### Given material:
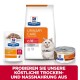 Hill's Prescription Diet Urinary Care für Katzen: Trockenfutterbeutel, Feuchtfutterbeutel, Dose und eine weiße Katze mit deutschem Text.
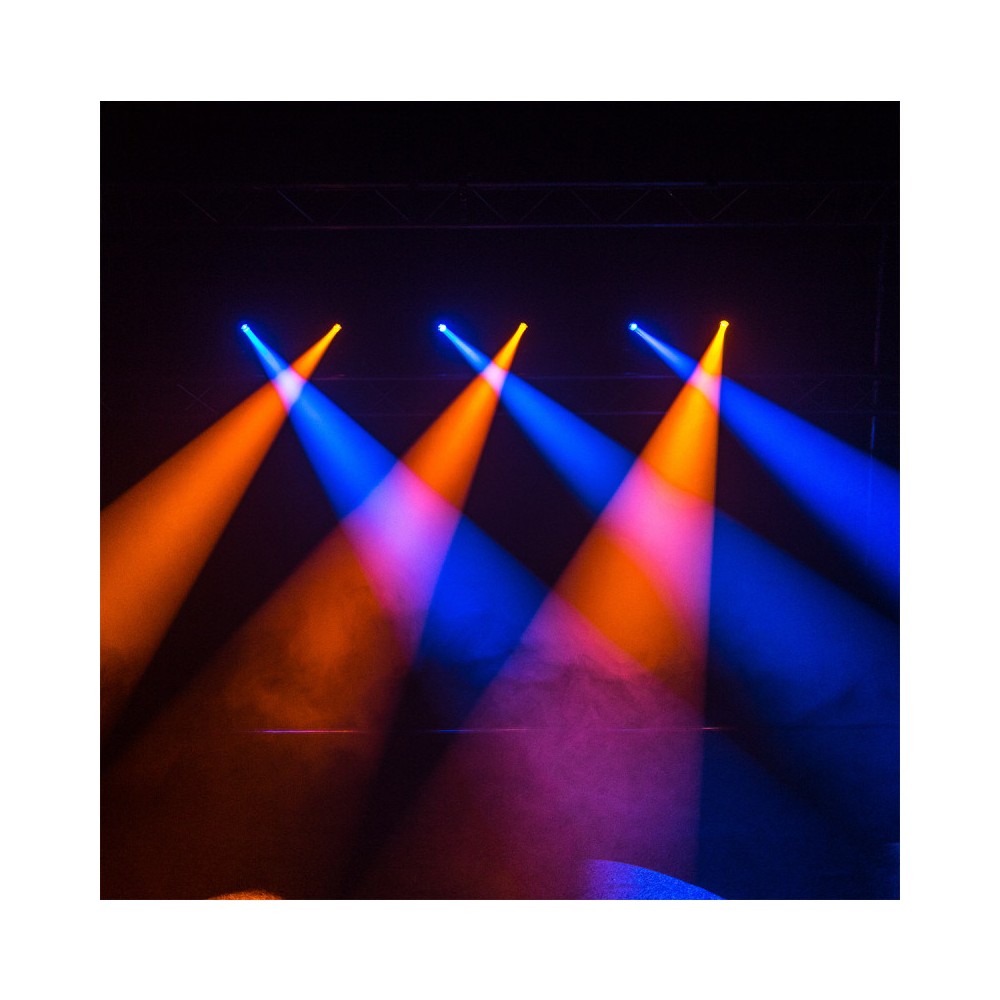 Evolite 60 W cabeza móvil LED con haz que también puede funcionar con batería integrada, DMX inalámbrico y control remoto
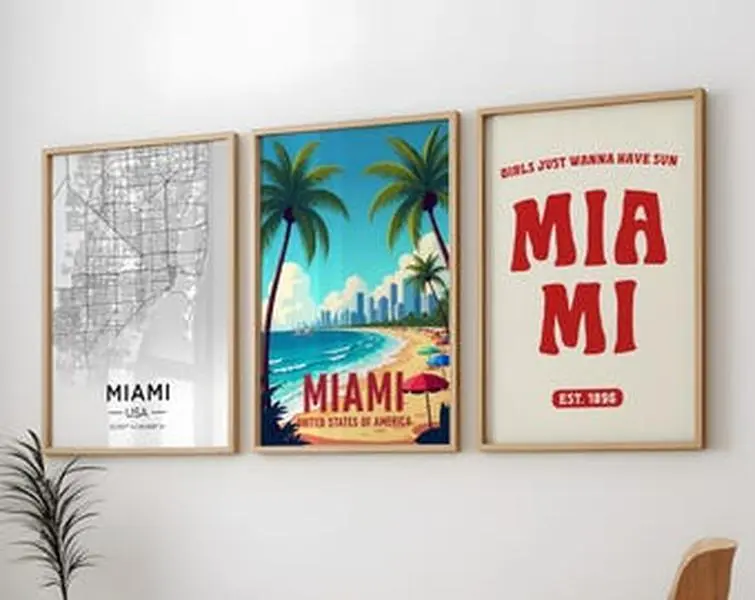 Miami 3 Posters Pack, Miami City 3 Wall Art Pack, Miami Vintage Travel 3 Poster Pack, 3 Set of Miami USA Prints, Miami Florida Wall Art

### Work request:
Nothing but the lines from the one that holds "Evolite 60 W" through the end of the data should appear, written out exactly, without pictures.

### Solution for this exercise:
 Evolite 60 W cabeza móvil LED con haz que también puede funcionar con batería integrada, DMX inalámbrico y control remoto
 Miami 3 Posters Pack, Miami City 3 Wall Art Pack, Miami Vintage Travel 3 Poster Pack, 3 Set of Miami USA Prints, Miami Florida Wall Art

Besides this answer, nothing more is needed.